§ AVAILABLE DATA:
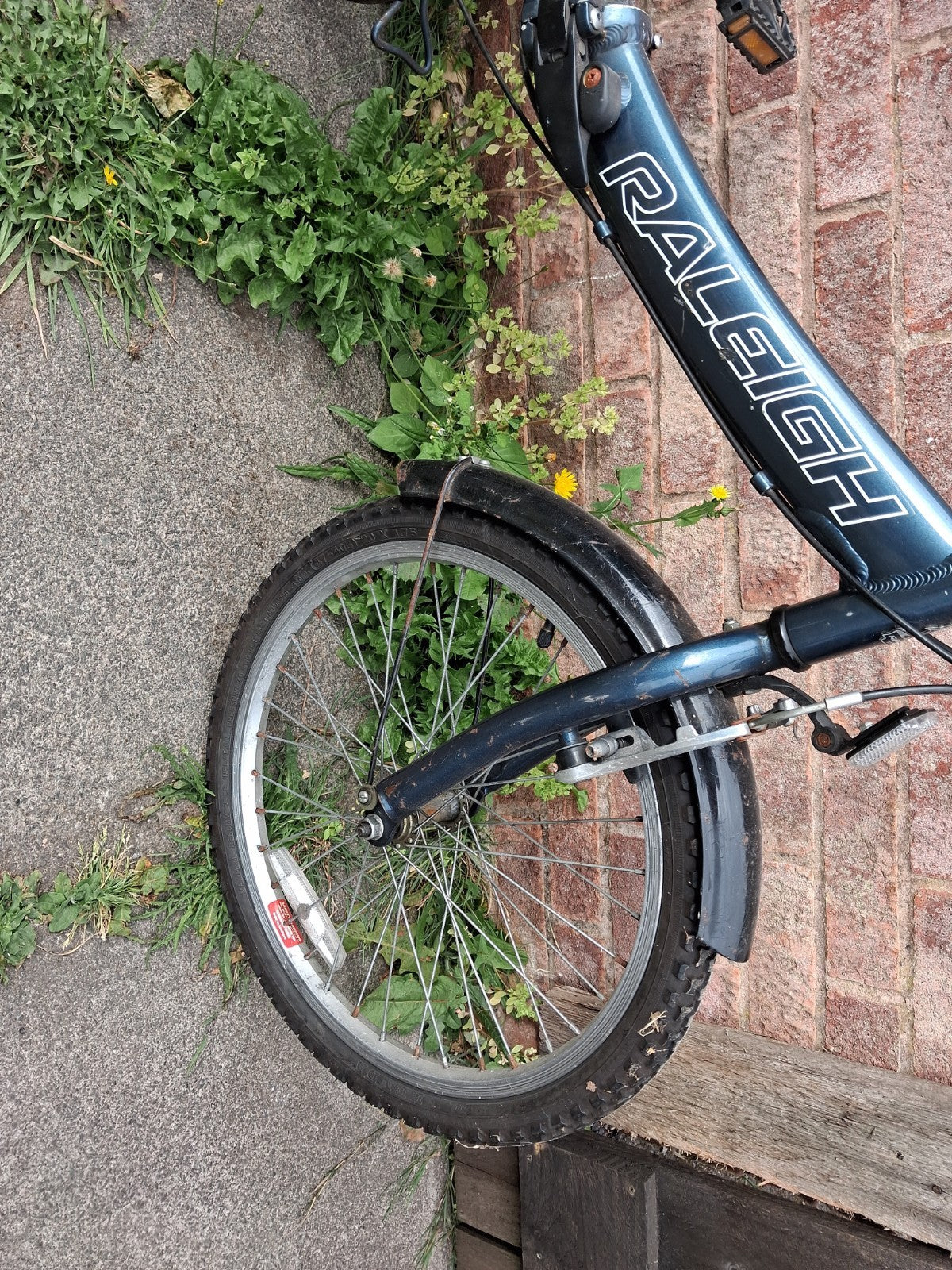 Raleigh Swift Folding Bike 6 Shimano Gears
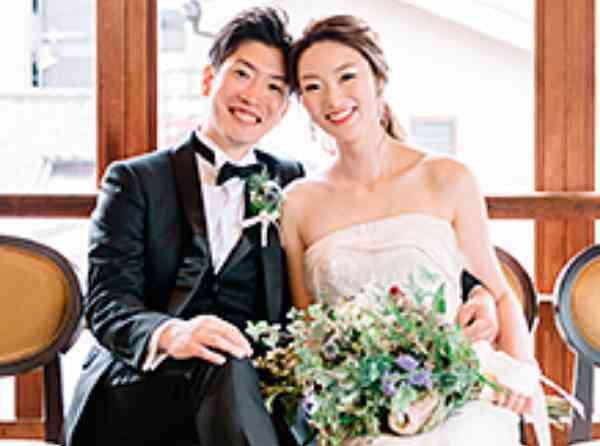 特注の装花や粋な衣裳で彩った、プロも感激するモダンの挙式実例画像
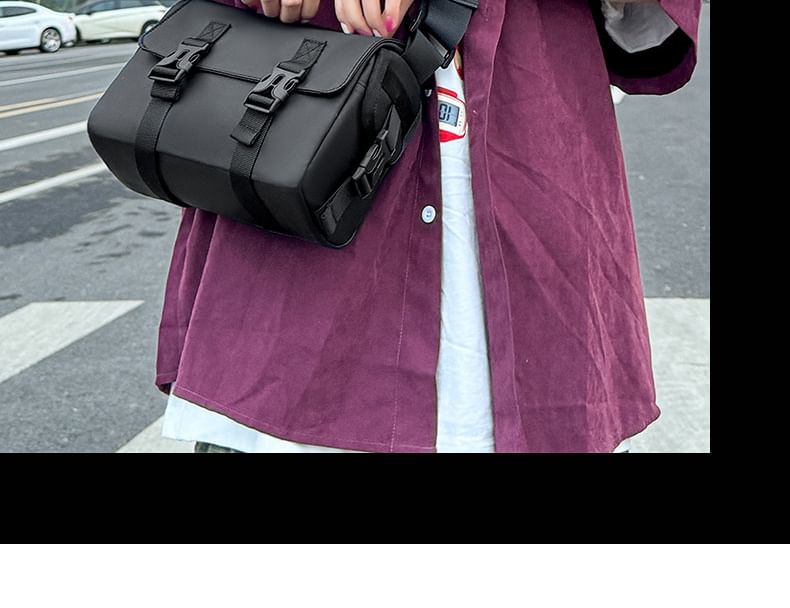 Hikuozy - Crossbodytas met gesp en klep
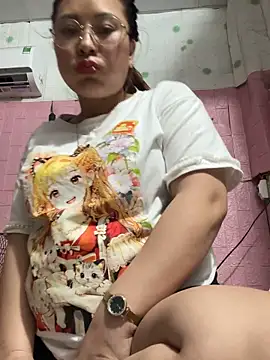 Snapshot of Lina-Naughty chatting on 04/25/26, 05:21 Lina-Naughty online show from 04/25/26, 05:21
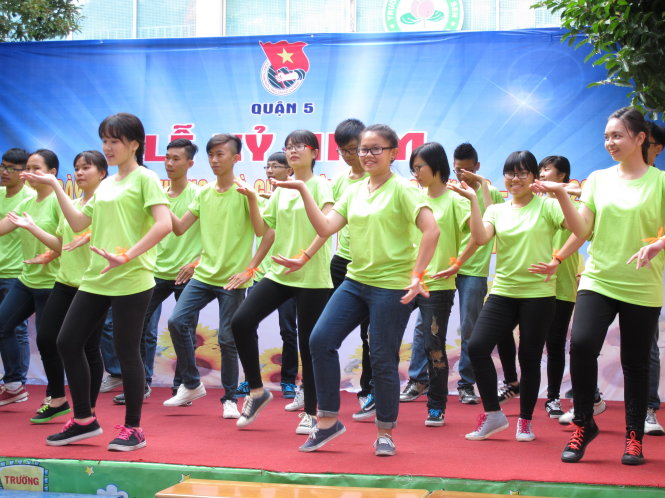 CLB nhảy, múa hiện đại Trường THPT Hùng Vương biểu diễn tại liên hoan - Ảnh: K.ANH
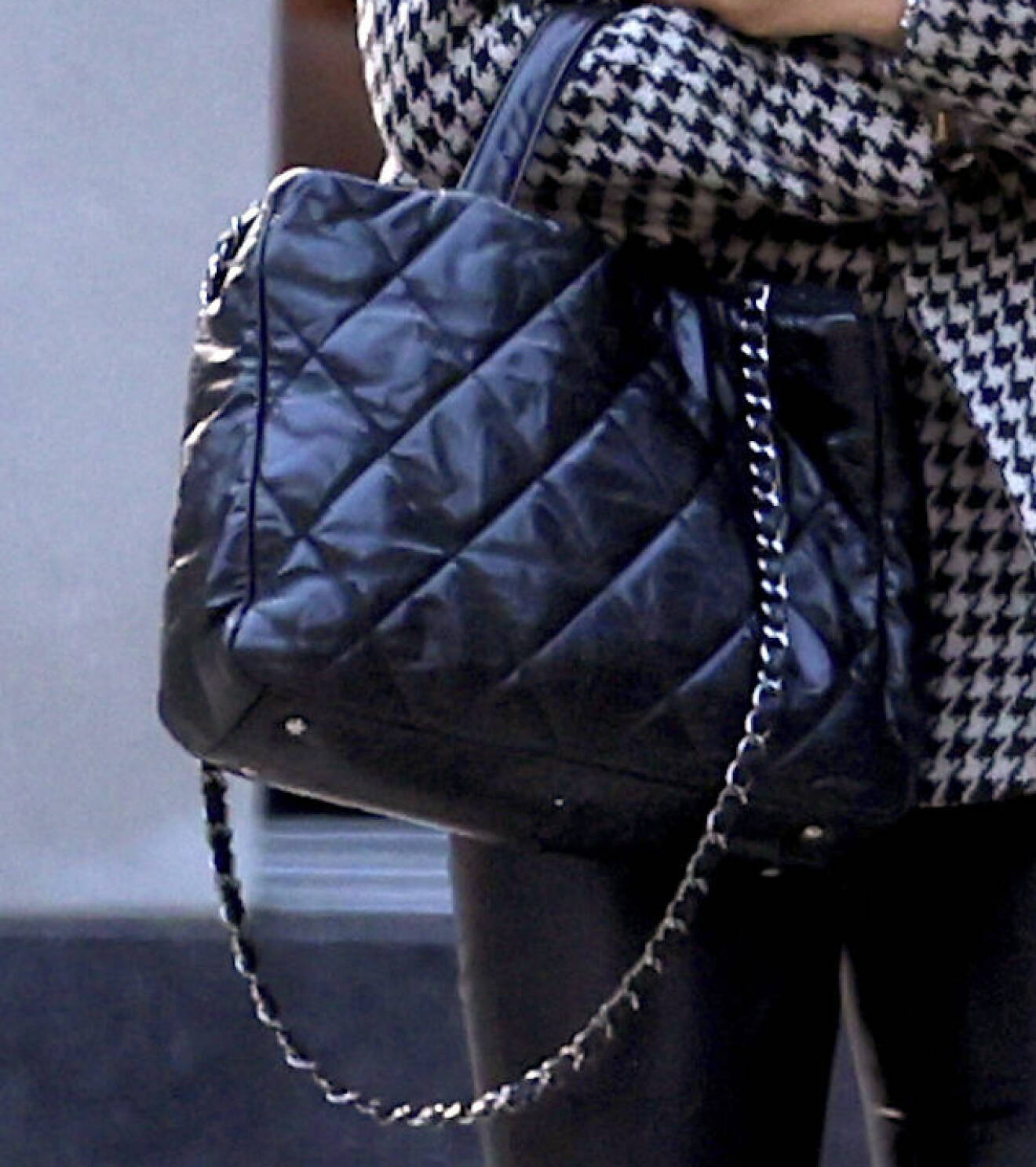 Prinsessan Madeleines väska från Chanel i modellen Portobello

§ DESCRIPTION OF THE TASK:
The copy must begin with the line containing "Snapshot of Lina-Naughty", end with the last line of the material, match each line exactly, and hold no pictures.

§ TASK SOLUTION:
 Snapshot of Lina-Naughty chatting on 04/25/26, 05:21 Lina-Naughty online show from 04/25/26, 05:21
 CLB nhảy, múa hiện đại Trường THPT Hùng Vương biểu diễn tại liên hoan - Ảnh: K.ANH
 Prinsessan Madeleines väska från Chanel i modellen Portobello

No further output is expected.